The NMR spectra and GPC analyses demonstrated the formations of 4-armed star polymer. The 1H-NMR is employed to analyze the structure of star PMMA (Figure 3). The signals at 0.88-1.24, 1.84-3.63 ppm, represented methyl groups, methylene groups, and methoxy groups, respectively.
It should be noted that the characteristic carbonyl band is clearly detected by FT-IR spectroscopy due to the polymer chain.
Finally, (Figure 4 and 5) depict SEM and TEM micrographs of high molecular weight star PMMA. Particle morphology is confirmed to be spherical and near mono-disperse in particle size, as expected. Therefore, due to the size and size distribution of the polymer, they could be used as mono-sized polymer additive for lots of the applications [30].

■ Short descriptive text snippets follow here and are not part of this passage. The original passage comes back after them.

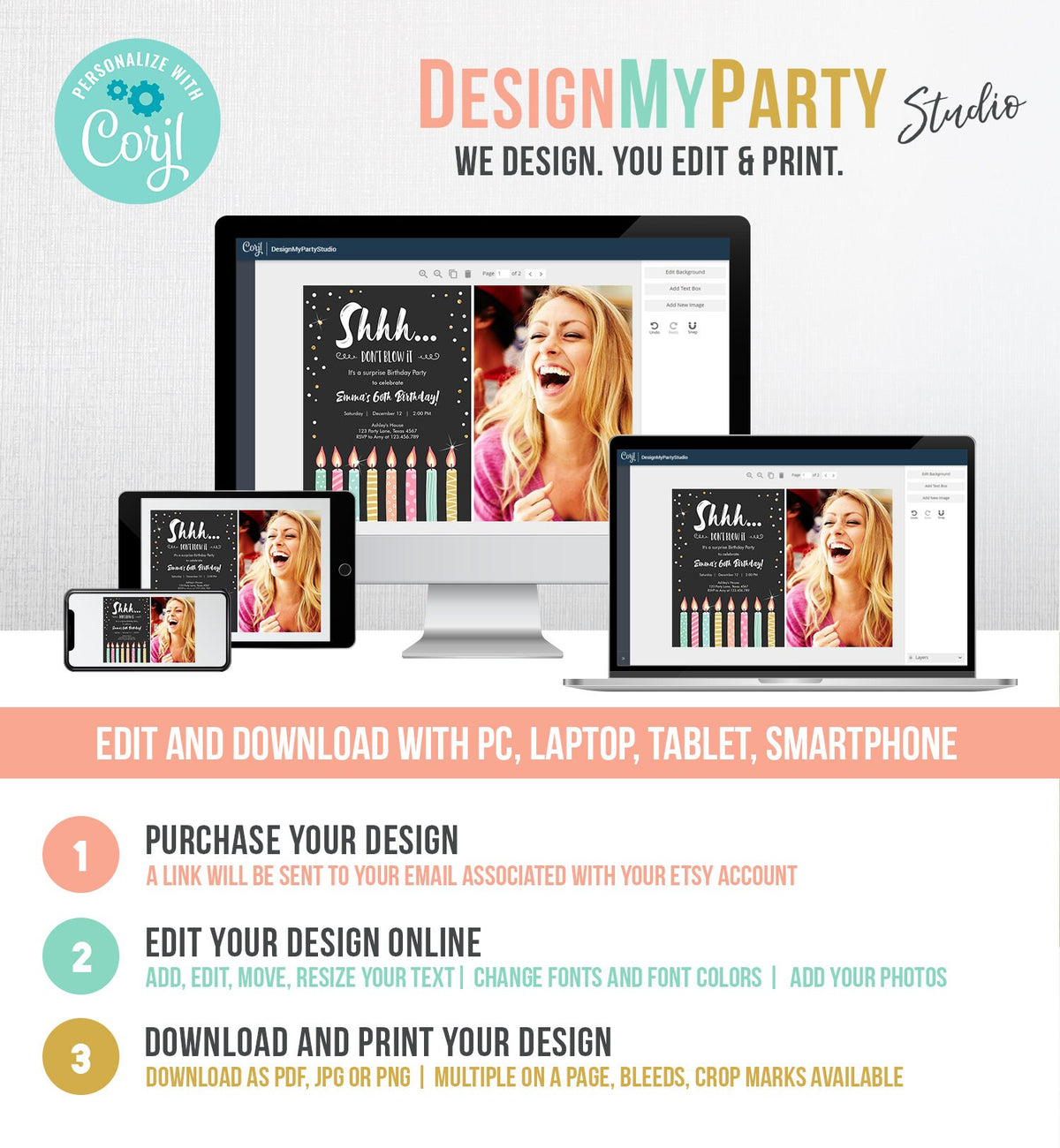 Editable Candles Surprise Birthday Invitation Shhh It&#39;s A Surprise Party 30th 40th 50th 60th Adult Download Corjl Template Printable 0277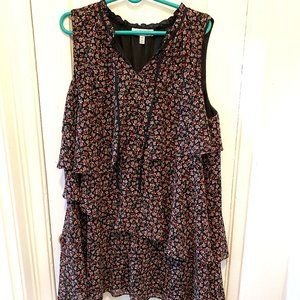 Libby Edelman sleeveless floral dress with asymmetrically tiered skirt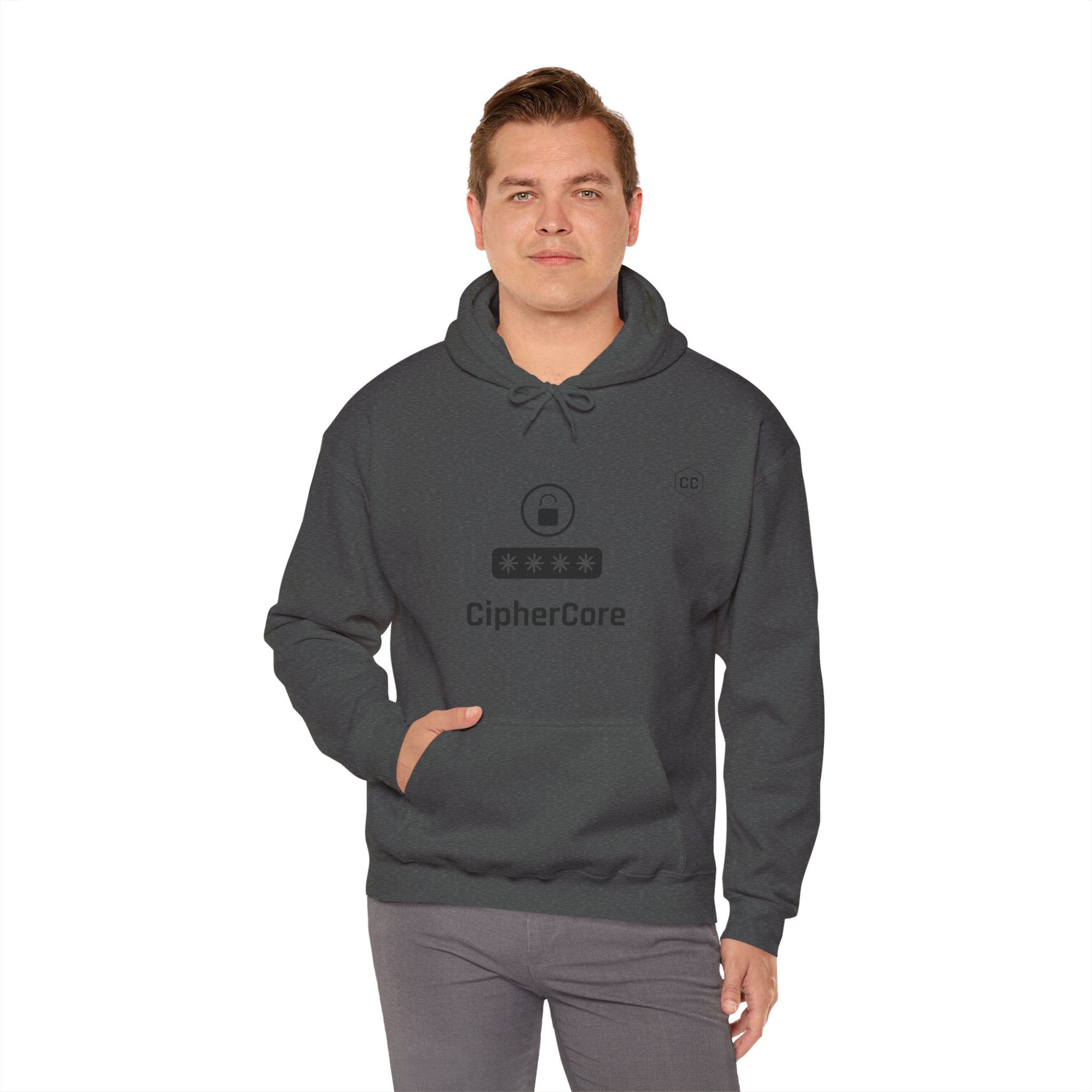 CipherCore Minimalist Password Lock Graphic Hoodie | Digital-Era Identity Wear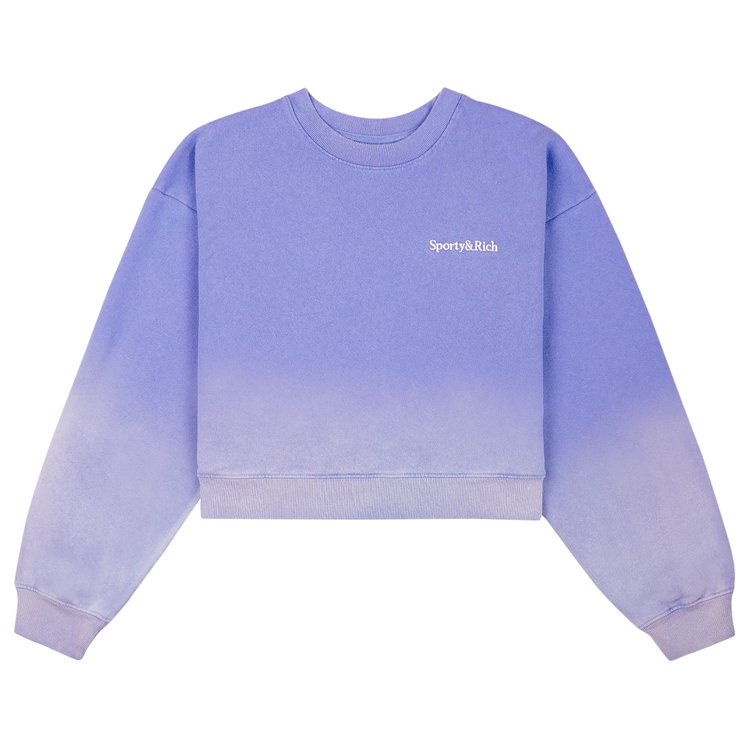 

Толстовка Sporty & Rich Serif Logo Embroidered Cropped Crewneck, цвет Dip Dye Blue/White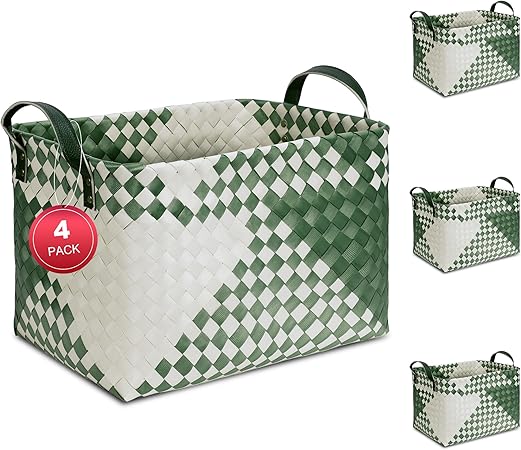 Woven Storage Baskets with Leather Handle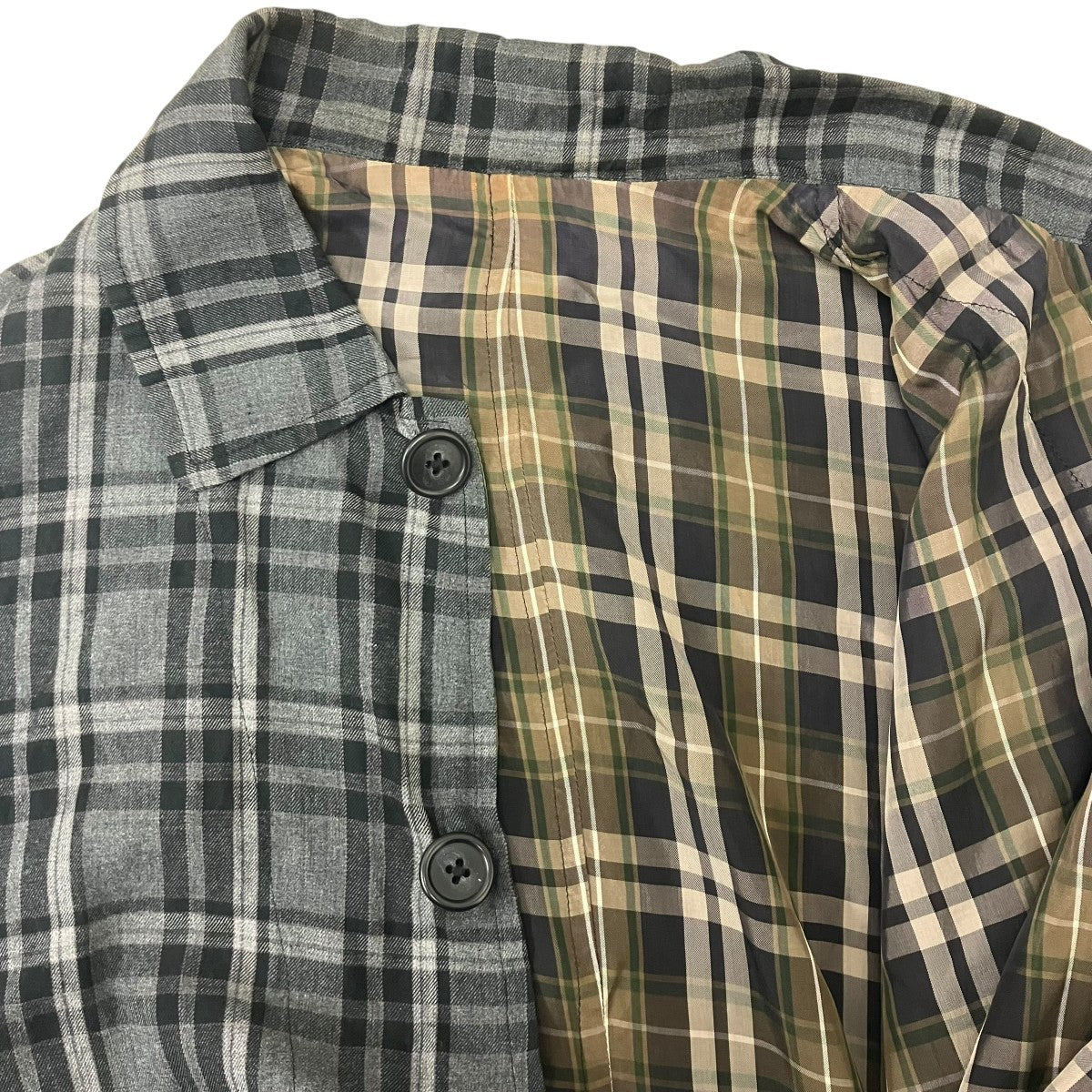 Y’S for men 98SS リバーシブルチェックコート 古着・中古-6枚目のアイテム画像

Because the important role of initiator in ATRP, we used the new initiator (Core) with a-haloester units because of its selective and quick halide radical immigration in the ATRP polymerization reaction. Also, because of suitable bonding constant and electronic effects of bidentate nitrogen-base ligand (2,2'-bipyridine), it successfully stabilizes transition metal salts (copper catalysts) in organic phase of the ATRP of MMA monomers. So, Multifunctional new initiator containing a-bromo-ester units as the core were synthesized and initiated atom transfer radical polymerization of MMA, for the synthesis of star polymers with well-defined structures.
Star polymers have special characteristics such as: due to spherical shapes and high surface of these polymers, they are very useful like erosive materials that have many usages in drug delivery and various other applications.
In this paper, high MW 4-arm star PMMA with a narrow MW distribution was synthesized by a “core-first” method. The star polymers were characterized by 1H-NMR, SEM, TEM and GPC. Formation of star polymers was confirmed by spherical ingredients in SEM and TEM pictures. In the SEM picture, spherical particles show the same arms on every side of star polymer and the formation of the circle limits around the core. GPC of the hydrolyzed star polymers were mono-modal which are the characteristics of living systems. The molecular weights of these linear polymers were near 1/4 of molecular weights of star polymers.
We wish to express our gratitude to the Research Affairs Division of Isfahan University of Technology (IUT) for their financial support. Further financial support from National Elite Foundation (NEF) Iran Nanotechnology Initiative Council (INIC) and Center of Excellency in Sensors and Green Chemistry Research (IUT) is also gratefully acknowledged.